Your task
Please reproduce the following records exactly, with nothing omitted.

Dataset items
────────────────────────────────────────
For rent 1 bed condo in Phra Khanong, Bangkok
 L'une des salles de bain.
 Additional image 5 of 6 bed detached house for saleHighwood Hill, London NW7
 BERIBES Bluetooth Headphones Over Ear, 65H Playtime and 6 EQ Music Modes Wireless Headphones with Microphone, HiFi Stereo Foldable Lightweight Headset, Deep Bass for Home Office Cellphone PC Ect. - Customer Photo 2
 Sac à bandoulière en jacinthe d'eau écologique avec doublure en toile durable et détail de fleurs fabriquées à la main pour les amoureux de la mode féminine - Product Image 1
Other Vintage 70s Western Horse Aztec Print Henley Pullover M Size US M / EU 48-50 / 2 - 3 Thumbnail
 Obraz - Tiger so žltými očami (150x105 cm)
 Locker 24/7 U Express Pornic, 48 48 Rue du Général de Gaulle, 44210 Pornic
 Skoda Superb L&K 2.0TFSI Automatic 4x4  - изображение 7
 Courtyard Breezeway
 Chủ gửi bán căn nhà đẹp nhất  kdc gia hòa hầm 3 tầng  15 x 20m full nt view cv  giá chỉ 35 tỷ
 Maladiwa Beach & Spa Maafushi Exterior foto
────────────────────────────────────────
Answer to this problem
For rent 1 bed condo in Phra Khanong, Bangkok
 L'une des salles de bain.
 Additional image 5 of 6 bed detached house for saleHighwood Hill, London NW7
 BERIBES Bluetooth Headphones Over Ear, 65H Playtime and 6 EQ Music Modes Wireless Headphones with Microphone, HiFi Stereo Foldable Lightweight Headset, Deep Bass for Home Office Cellphone PC Ect. - Customer Photo 2
 Sac à bandoulière en jacinthe d'eau écologique avec doublure en toile durable et détail de fleurs fabriquées à la main pour les amoureux de la mode féminine - Product Image 1
Other Vintage 70s Western Horse Aztec Print Henley Pullover M Size US M / EU 48-50 / 2 - 3 Thumbnail
 Obraz - Tiger so žltými očami (150x105 cm)
 Locker 24/7 U Express Pornic, 48 48 Rue du Général de Gaulle, 44210 Pornic
 Skoda Superb L&K 2.0TFSI Automatic 4x4  - изображение 7
 Courtyard Breezeway
 Chủ gửi bán căn nhà đẹp nhất  kdc gia hòa hầm 3 tầng  15 x 20m full nt view cv  giá chỉ 35 tỷ
 Maladiwa Beach & Spa Maafushi Exterior foto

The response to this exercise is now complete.